* What to work on
In the data below, begin at the line with "Indian State Punjabi" and stop after the line with "13, DEANSWAY, CHIPPENHAM, SN15"; output those lines exactly and no pictures.

* Data to process
========================================================================

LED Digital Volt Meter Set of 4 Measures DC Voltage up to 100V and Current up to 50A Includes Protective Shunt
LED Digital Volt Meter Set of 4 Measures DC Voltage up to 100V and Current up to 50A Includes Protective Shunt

========================================================================

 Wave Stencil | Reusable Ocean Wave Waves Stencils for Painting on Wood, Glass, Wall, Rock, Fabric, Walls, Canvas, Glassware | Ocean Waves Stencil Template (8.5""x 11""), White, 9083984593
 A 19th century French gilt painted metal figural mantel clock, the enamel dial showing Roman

========================================================================

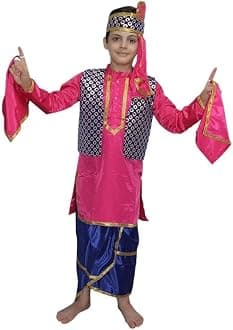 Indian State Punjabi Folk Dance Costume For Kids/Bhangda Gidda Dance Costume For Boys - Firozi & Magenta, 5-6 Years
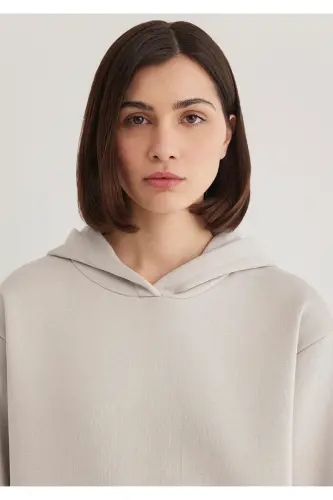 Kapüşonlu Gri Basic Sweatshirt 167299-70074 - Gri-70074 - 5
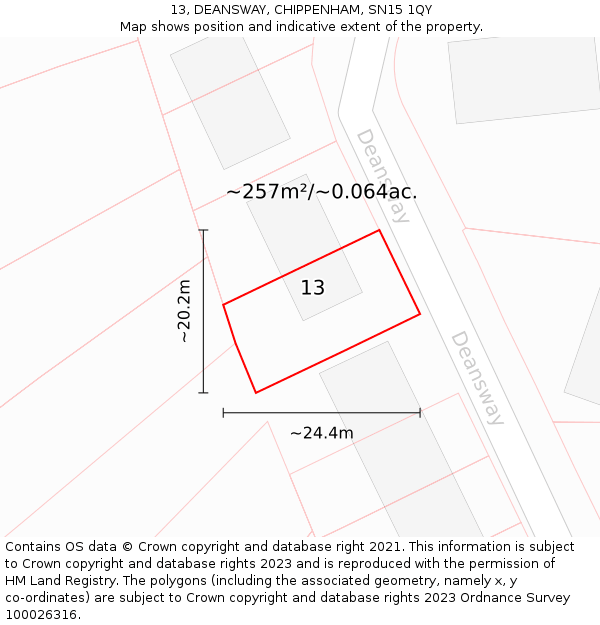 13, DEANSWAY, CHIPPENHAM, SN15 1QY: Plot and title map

========================================================================

* Reply
 Indian State Punjabi Folk Dance Costume For Kids/Bhangda Gidda Dance Costume For Boys - Firozi & Magenta, 5-6 Years
 Kapüşonlu Gri Basic Sweatshirt 167299-70074 - Gri-70074 - 5
 13, DEANSWAY, CHIPPENHAM, SN15 1QY: Plot and title map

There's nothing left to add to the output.